Monu Tools

Compound Interest Calculator

Project how savings or an ETF plan grow with compound interest. Set a starting amount, monthly contribution, return and duration, and watch the balance grow year by year.

How to use the Compound Interest

  1. 01

    Enter your starting amount, monthly contribution, expected return and number of years.

  2. 02

    See the final balance split into what you invested and the interest earned.

  3. 03

    Use the chart to watch the balance grow year by year.

How it works

This compound interest calculator shows how a one-off starting amount plus regular monthly contributions can grow over time at a constant annual return. It separates the total you put in from the interest earned, so the effect of compounding is easy to see.

Contributions are added at the start of each month and the balance is compounded monthly, which matches how most savings and ETF plans actually work, and a year-by-year chart shows the balance climbing.

What compound interest is

Compound interest is interest on your interest. Each period, the return is calculated on your contributions plus all the gains so far, so the balance grows faster and faster.

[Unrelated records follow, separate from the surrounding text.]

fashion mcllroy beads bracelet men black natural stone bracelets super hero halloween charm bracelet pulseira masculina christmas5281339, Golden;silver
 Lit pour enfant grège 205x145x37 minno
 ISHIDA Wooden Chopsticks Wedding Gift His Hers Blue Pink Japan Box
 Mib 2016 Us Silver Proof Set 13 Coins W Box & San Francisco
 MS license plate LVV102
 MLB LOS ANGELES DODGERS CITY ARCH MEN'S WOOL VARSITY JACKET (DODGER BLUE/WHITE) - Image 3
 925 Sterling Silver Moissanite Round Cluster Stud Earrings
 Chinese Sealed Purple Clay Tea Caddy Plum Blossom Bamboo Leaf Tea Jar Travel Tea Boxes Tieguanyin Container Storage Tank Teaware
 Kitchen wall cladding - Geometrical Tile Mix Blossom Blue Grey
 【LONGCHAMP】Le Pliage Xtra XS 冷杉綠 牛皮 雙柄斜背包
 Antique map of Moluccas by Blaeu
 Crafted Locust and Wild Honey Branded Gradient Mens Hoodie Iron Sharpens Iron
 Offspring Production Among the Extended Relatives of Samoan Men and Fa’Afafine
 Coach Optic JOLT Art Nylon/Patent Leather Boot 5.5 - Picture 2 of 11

Over long horizons this compounding, not the contributions, drives most of the final amount.

The rule of 72

A rough mental check is the rule of 72: dividing 72 by the annual return gives the years for money to double. At 7 percent, that is about ten years, which is why starting early matters so much.

Returns are assumptions

Returns are assumptions, not guarantees. A broad global stock ETF has historically averaged roughly 6 to 8 percent per year before inflation over long periods, but any given stretch can be very different, including negative.

A gross estimate

The projection is before taxes, fees and inflation, so treat the result as a gross estimate and leave a margin for those. Everything is calculated in your browser.

Frequently asked questions

What is compound interest?

Compound interest is interest earned on both your contributions and previously earned interest. Over long periods this compounding drives most of the growth.

How are contributions handled?

Contributions are added at the start of each month and the balance is compounded monthly, which matches how many savings plans and ETF savings plans work.

What return should I assume for an ETF?

Returns are never guaranteed. A broad global stock ETF has historically averaged roughly 6 to 8 percent per year before inflation over long horizons, but any given period can differ a lot.

Does it account for taxes or inflation?

No. The projection is before taxes, fees and inflation. Treat the result as a gross estimate and plan a margin for those factors.

What is the rule of 72?

A quick estimate: divide 72 by the annual return to get the years for your money to double. At 6 percent that is about 12 years, at 8 percent about 9.

This tool is for general information only and is not financial, tax, or legal advice. Results are estimates that depend on your situation and current rules, so check the official source or a qualified professional before you act.